## WHAT IS EXPECTED
Only lines that contain the word "Diamond" belong in the answer; copy them from the records below.

Extracted data entries
#####

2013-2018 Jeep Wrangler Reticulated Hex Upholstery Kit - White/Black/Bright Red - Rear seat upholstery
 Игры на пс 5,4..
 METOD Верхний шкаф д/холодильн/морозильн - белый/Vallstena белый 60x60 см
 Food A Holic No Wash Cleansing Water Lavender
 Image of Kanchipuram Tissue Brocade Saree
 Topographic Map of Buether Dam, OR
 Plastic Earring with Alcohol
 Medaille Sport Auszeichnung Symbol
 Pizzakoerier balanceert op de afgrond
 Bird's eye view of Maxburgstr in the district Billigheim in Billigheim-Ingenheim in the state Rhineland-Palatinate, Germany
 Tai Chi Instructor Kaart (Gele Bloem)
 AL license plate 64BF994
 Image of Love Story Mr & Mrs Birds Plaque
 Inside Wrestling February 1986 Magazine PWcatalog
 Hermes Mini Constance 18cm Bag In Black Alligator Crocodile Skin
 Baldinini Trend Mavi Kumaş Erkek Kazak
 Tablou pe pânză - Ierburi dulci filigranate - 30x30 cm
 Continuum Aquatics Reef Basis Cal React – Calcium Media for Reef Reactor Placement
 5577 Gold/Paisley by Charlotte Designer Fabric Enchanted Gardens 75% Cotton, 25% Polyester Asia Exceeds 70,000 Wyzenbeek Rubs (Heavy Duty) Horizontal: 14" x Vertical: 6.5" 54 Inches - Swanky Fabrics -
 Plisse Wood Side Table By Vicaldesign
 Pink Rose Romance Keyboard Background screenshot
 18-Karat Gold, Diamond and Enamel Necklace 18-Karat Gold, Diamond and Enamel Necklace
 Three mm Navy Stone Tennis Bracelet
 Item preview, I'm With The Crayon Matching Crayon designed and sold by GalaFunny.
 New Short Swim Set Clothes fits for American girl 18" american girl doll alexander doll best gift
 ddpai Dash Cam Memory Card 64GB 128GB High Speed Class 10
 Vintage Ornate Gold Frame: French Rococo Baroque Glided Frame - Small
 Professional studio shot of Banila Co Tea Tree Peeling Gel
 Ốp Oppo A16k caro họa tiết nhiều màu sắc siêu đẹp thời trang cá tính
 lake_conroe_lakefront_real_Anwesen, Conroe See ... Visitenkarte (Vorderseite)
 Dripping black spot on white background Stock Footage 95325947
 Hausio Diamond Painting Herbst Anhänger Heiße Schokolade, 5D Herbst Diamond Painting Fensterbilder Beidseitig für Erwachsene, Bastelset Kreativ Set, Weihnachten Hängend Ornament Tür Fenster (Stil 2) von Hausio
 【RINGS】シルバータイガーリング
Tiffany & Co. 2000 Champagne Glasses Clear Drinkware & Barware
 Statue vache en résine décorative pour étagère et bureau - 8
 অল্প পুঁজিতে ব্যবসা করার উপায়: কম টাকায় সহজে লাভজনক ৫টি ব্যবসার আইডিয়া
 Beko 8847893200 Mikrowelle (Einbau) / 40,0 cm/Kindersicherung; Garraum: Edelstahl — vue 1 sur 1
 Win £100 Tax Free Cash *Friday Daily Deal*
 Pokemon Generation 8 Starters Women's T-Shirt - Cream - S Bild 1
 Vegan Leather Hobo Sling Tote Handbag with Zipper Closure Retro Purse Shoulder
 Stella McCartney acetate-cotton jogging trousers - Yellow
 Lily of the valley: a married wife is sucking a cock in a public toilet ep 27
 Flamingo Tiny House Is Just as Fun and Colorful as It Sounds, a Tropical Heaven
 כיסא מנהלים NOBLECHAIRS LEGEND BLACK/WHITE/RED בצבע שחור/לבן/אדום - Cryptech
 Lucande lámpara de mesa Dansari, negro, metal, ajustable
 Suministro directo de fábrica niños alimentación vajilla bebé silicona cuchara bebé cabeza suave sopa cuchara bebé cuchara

#####

## RESULT OF THIS TASK
 18-Karat Gold, Diamond and Enamel Necklace 18-Karat Gold, Diamond and Enamel Necklace
 Hausio Diamond Painting Herbst Anhänger Heiße Schokolade, 5D Herbst Diamond Painting Fensterbilder Beidseitig für Erwachsene, Bastelset Kreativ Set, Weihnachten Hängend Ornament Tür Fenster (Stil 2) von Hausio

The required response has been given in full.